The second approach is query engine-enforced security, which applies when using multi-user query engines like Trino. In this model, users authenticate through the organization's identity provider (such as AWS Cognito or Keycloak) when logging into the query engine. When querying data, the query engine contacts the catalog using system credentials to retrieve table metadata and storage credentials. The query engine then separately checks permissions through a dedicated permission system and filters results based on what the user is authorized to see before returning data. This approach enables more granular row-level and column-level security but requires trusting the query engine to properly enforce permissions, meaning it only works when the query engine is maintained by organizational administrators.

Open Source Lakehouse Implementation

The open-source ecosystem now provides all necessary components to build a complete lakehouse with proper governance and security. This capability has traditionally been a major selling point for vendor platforms, but open-source alternatives have matured to offer comparable functionality.

The demonstration showcased a complete setup with Lakekeeper as the catalog, Trino as a shared query engine, PyIceberg for Python-based access, and Keycloak as the identity provider. The system demonstrated how two different users with distinct permissions could interact with the same data using different tools, with permissions consistently enforced across engines. When one user created tables and another attempted to access them without permissions, access was correctly denied. After granting specific permissions through Lakekeeper's UI, the second user could access authorized tables through both Trino and PyIceberg, while remaining blocked from unauthorized tables.

Lakekeeper Features and Architecture

Lakekeeper is an Apache-licensed, open-source Iceberg REST catalog implementation written in Rust.
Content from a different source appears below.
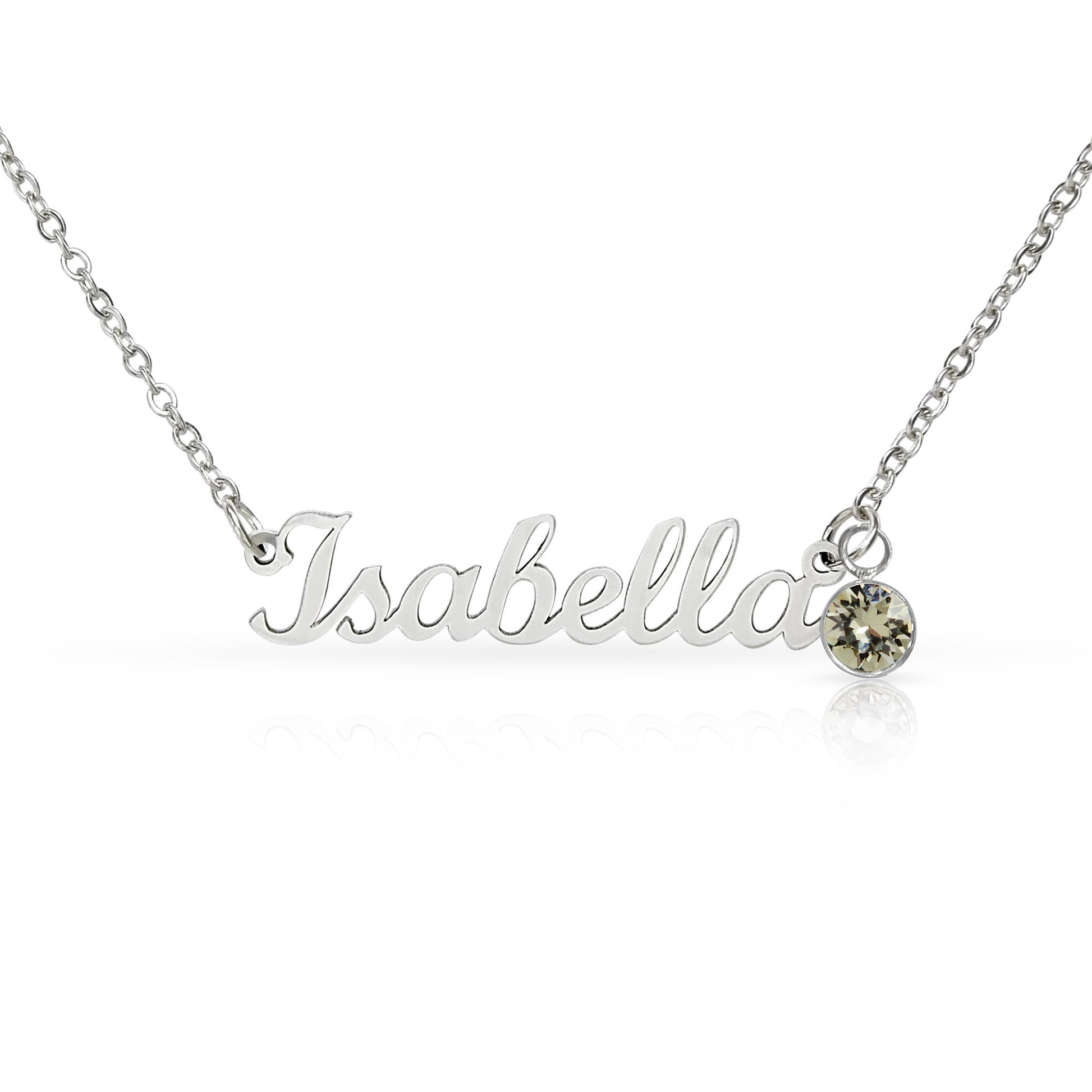 To My Daughter necklace with custom name and birthstone jewelry gift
It provides security features out of the box, distinguishing it from many other open-source catalog implementations. The Rust implementation results in a minimal binary of approximately 70 megabytes that can run in highly restricted environments, including Google distroless Docker images without even a shell.

The system includes robust Kubernetes integration with support for multiple identity providers. Beyond standard OIDC and OAuth support for user authentication, Lakekeeper enables Kubernetes workloads to authenticate natively, facilitating secure service-to-service communication in cloud-native environments. The entire demonstration environment, including the identity provider, catalog, query engines, and permission system, can be launched with just three commands: git clone, cd, and docker compose up, making it highly accessible for testing and evaluation.